Comme chacun sait, l’enfer est pavé de bonnes intentions. En croyant sauver l’aligoté il y a plus d’un demi-siècle par un mariage de raison avec la crème de cassis, le chanoine Kir, député de Dijon, l’a condamné à une image de petit vin imbuvable tout seul. Au regard des rendements pratiqués à une époque plus productiviste qu’aujourd’hui, il n’avait pas complètement tort non plus. A plus de 100 hl/ha, l’aligoté développe une acidité indéniable et pour le moins violente au palais. Mais les temps ont changé et « à 50-70 hl/ha, récolté à maturité, ce cépage peut faire de bons vins frais et gourmands » affirme Sylvain Martinand, l’œnologue des caves de Bailly-Lapierre. D’où le regain d’intérêt ces dernières années pour ce croisement de gouais blanc et de pinot noir, lointain cousin du chardonnay qui l’a remplacé après le phylloxera.

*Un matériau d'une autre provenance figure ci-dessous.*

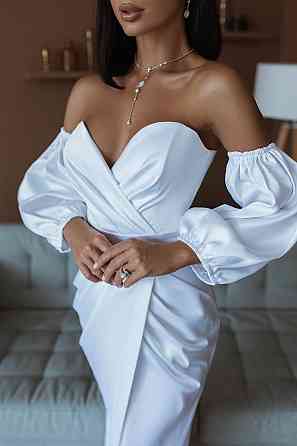 Женское роскошное вечернее платье со шлейфом и съемными рукавами из королевского атласа Белый, S Одесса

La reconnaissance par le Bouzeron

Sur 2000 ha plantés en France, 1800 sont en Bourgogne où il représente 7% de l’encépagement. Il est d’ailleurs présent dans la région depuis le 17e siècle. On l’appelait le griset blanc ou le beaunois à Beaune, le giboulot blanc dans le Châlonnais, le troyen blanc dans l’Aube… Et il portait autrefois le nom du village de production.

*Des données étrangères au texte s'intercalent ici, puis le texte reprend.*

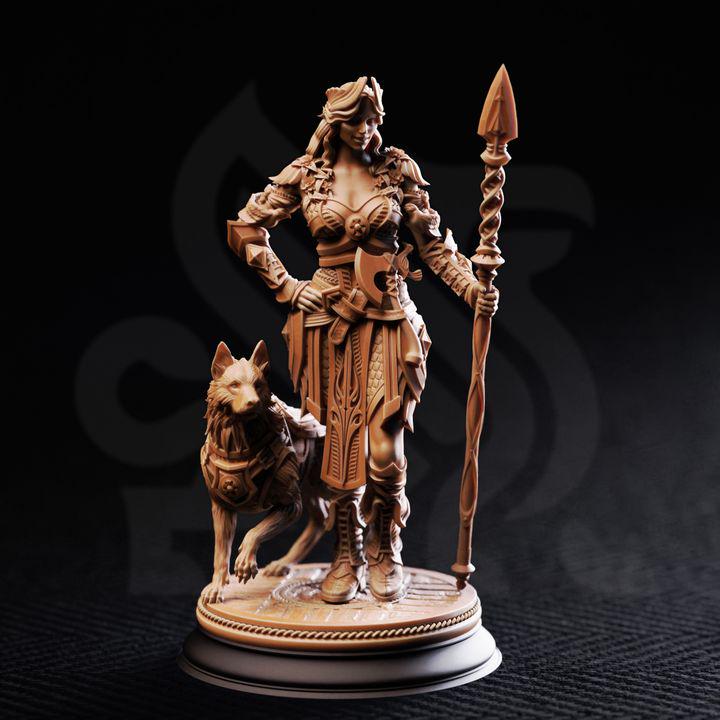 Female Human Druid Miniature - Frøya, Goddess of the Hunt - DM Stash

L’aligoté, qui peut être produit dans toute la Bourgogne (environ 14 millions de bouteilles par an), ne se retrouve désormais que dans quelques appellations bourguignonnes : le Bourgogne-Aligoté bien sûr, les jeunes Coteaux bourguignons, le Crémant de Bourgogne (où il a été de plus en plus remplacé par le chardonnay) et l’AOC Village Bouzeron qui a incontestablement redoré le blason de ce cépage mal aimé. L’appellation, née en 1997 et exclusivement à base d’aligoté, a été portée par un certain Aubert de Villaine, co-gérant de la Romanée Conti mais également propriétaire depuis 1971 d’un domaine dans l’appellation. Il existe même un premier cru uniquement élaboré à base d’aligoté, le Morey Saint Denis Clos des Monts Luisants de Laurent Ponsot.

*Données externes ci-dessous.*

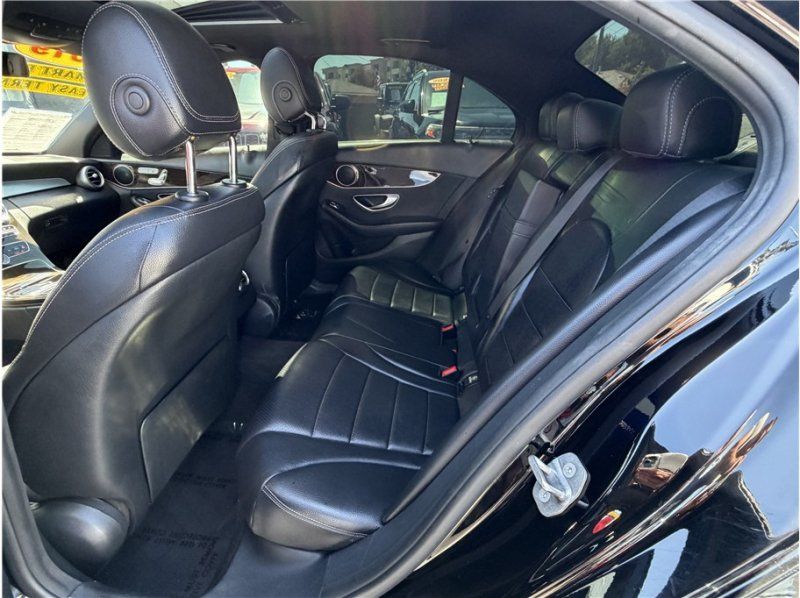 Used 2019 Mercedes-Benz C 300 Sedan image 18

Un formidable rapport qualité/prix

« C’est surtout un vin de plaisir, vif et peu alcoolisé, à boire légèrement rafraîchi l’été et surtout d’un formidable qualité/prix » (en moyenne entre 5 et 10 €), précise Véronique Drouhin de la maison éponyme. L´aligoté, plus incisif dans l’Yonne, plus solaire dans le Mâconnais, en général élevé en cuves mais parfois en fûts de chêne (chez Jadot, Boisset..), développe des arômes de fleurs blanches et de fruits à chair blanche, de citron, tilleul et acacia, souvent sur des notes salines et iodées.

« Il a une bouche franche et une belle longueur qui lui permet de s’adapter à des plats contemporains comme des carpaccios, la cuisine fusion, des préparations aux légumes… Et il y en a pour toutes les bourses, entre 17 et 100 € a la carte » commente Franck-Emmanuel Mondésir, sommelier du restaurant les Climats (75). A (re)découvrir nature donc lors d’un apéritif en terrasse, sur des huitres, des fruits de mer, des poissons, des crustacés, des viandes blanches, une omelette aux champignons ou un chèvre sec.

Notre sélection :

Bourgogne aligoté 2011 Domaine Chevalier Père & fils (7 €)
Bourgogne aligoté 2014 Domaine Bersan (7, 50 €)
Bourgogne aligoté 2013 Jean-Christophe Perraud (8 €)
Bourgogne aligoté 2014 Joseph Drouhin (9, 30 €)
Bourgogne aligoté 2014 Albert Bichot (12 €)
Bouzeron 2013 Domaine Chanzy Clos de la Fortune Monopole (14 €)
Bouzeron 2013 domaine A et P de Villaine (bio) (19 €)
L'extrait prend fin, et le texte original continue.